• BP LogoResearcher: Huining Yang
  • Academic Supervisor: Ben Hambly
  • Industrial Supervisor: Paul Barnes, Amr El Zanfally

Background

The classical bargaining problem is where a buyer and a seller must agree on the value of a project. Each party has a reservation price; the buyer knows the maximum they are willing to pay for the project and the seller knows the minimum they are willing to accept. A key question is to determine a party’s optimal bidding strategy to secure the project along with the best price that can be achieved.

The goal of this project is to develop a theoretical framework and a numerical implementation for some models for bargaining. BP has many contracts under negotiation at any time and the aim is to develop mathematical tools that assist in negotiations and decision making. In parallel with understanding and developing the theory, we also analyse data coming from negotiations from various parts of BP. This ensures that we keep the theoretical ideas close to the industrial drivers. We explore different optimality criteria and the different data that may be relevant to bargaining in this multidimensional situation.

Progress

We have built a continuous-time bargaining model based on stochastic differential games and found the optimal strategies for both players by solving a Hamilton-Jacobi-Bellman (HJB) equation.
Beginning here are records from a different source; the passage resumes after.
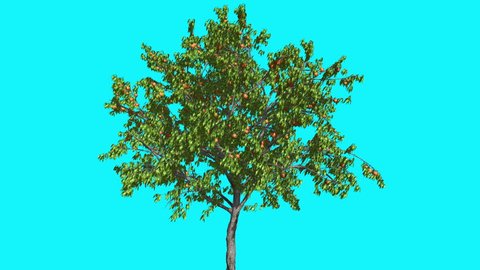 Peach Tree with Yellow Fruits Peaches on Chroma Key, Tree on Alfa Channel, Tree on Blue Screen, Tree with Thin Trunk and Crown with Green Leaves are Swaying at the Wind in summer, Computer Generated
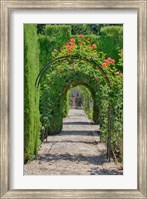 Framed Archway of trees in the gardens of the Alhambra, Granada, Spain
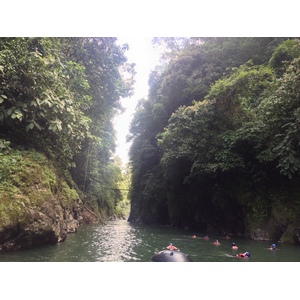 照片 哥斯达黎加(Costa Rica) 帕夸雷河(Pacuare River) 2015-03 208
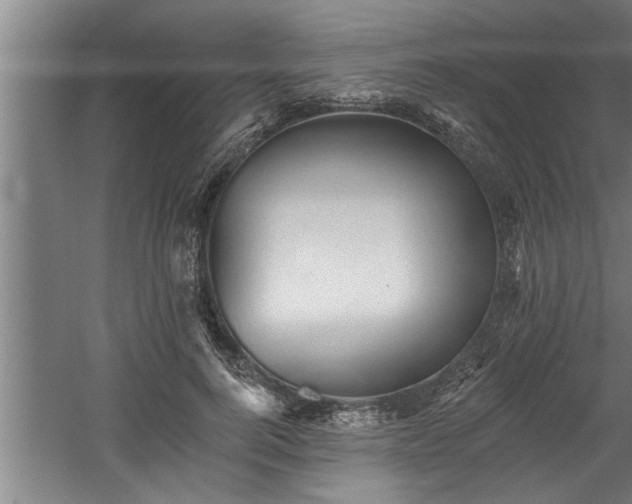 X0000060560744200511070947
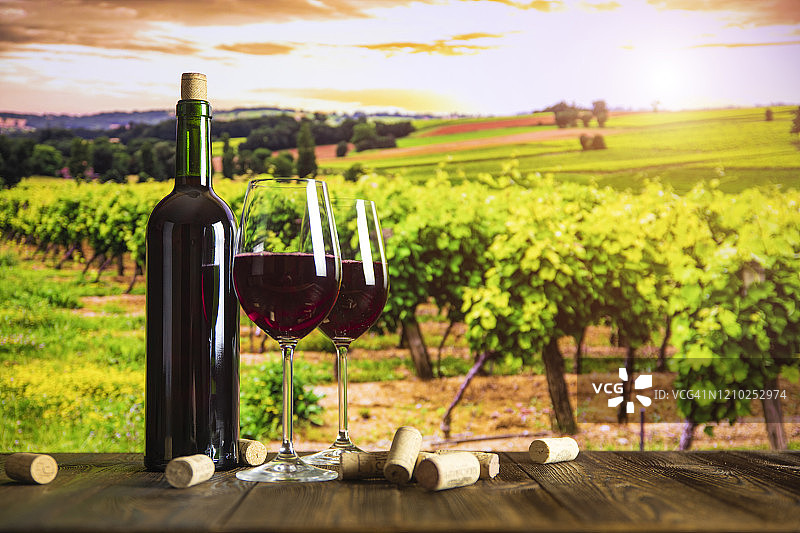 日落时分葡萄园背景下的葡萄酒瓶、酒杯、奶酪和葡萄图片素材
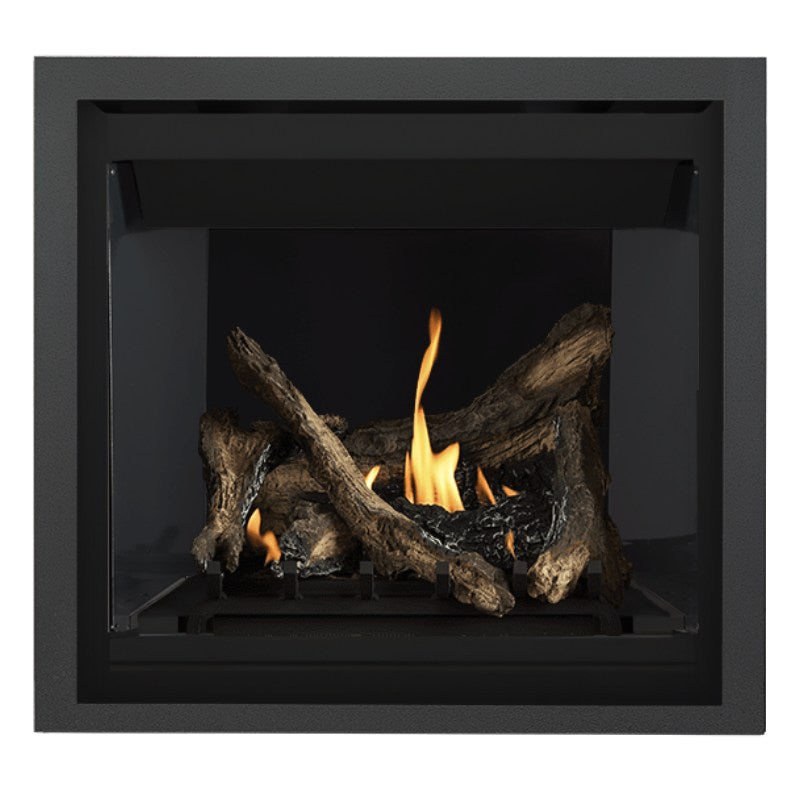 Napoleon Altitude 36" Direct Vent Fireplace | A36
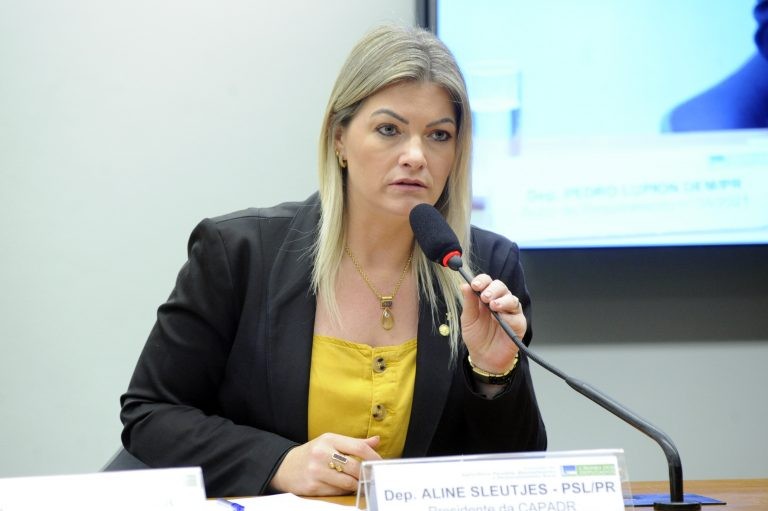Para Aline Sleutjes, a medida é importante para impulsionar a economia rural - (Foto: Cleia Viana/Câmara dos Deputados)
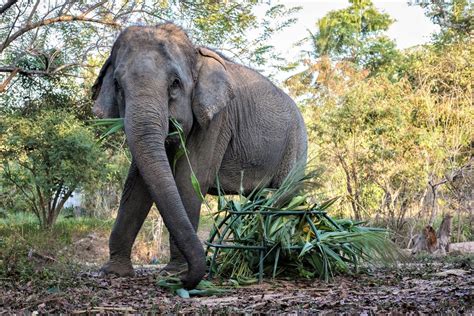 Tackling Wildlife Trafficking in Laos | Laos Wildlife Sanctuary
We consider the situation where the two parties negotiate over a project in order to find a single price for it in a finite time horizon, and we assume that they have different but highly correlated valuations of the project, which can be regarded as their reservation prices. Their offers approach their reservation prices near the deadline. The randomness in the valuation processes is modeled by Brownian motion.  We translate the bargaining game into a cost minimisation problem, where each player's cost is determined by how far they are from making a deal and their rate of concession as the deadline for a deal approaches. We show an example in Figure 1, where the significant change in the valuation processes impact the player’s offers in this particular simulation.

Progress

Figure 1: Numerical solution to the bargaining model, where $ X_t^1$ and $X_t^2$ respectively denote the offers of the buyer and the seller, and $Y_t^1$ and $Y_t^2$ respectively denote their valuations of the project.

Future Work

The next step would be to look at the case with incomplete information, i.e., when a party only has limited information about some model parameters, which are associated with their opponent and/or the dynamics. The key question is how to estimate those parameters and how to construct optimal strategies with incomplete information. It would also be interesting to explore the multi-dimensional problem when parties negotiate over several items or quantities.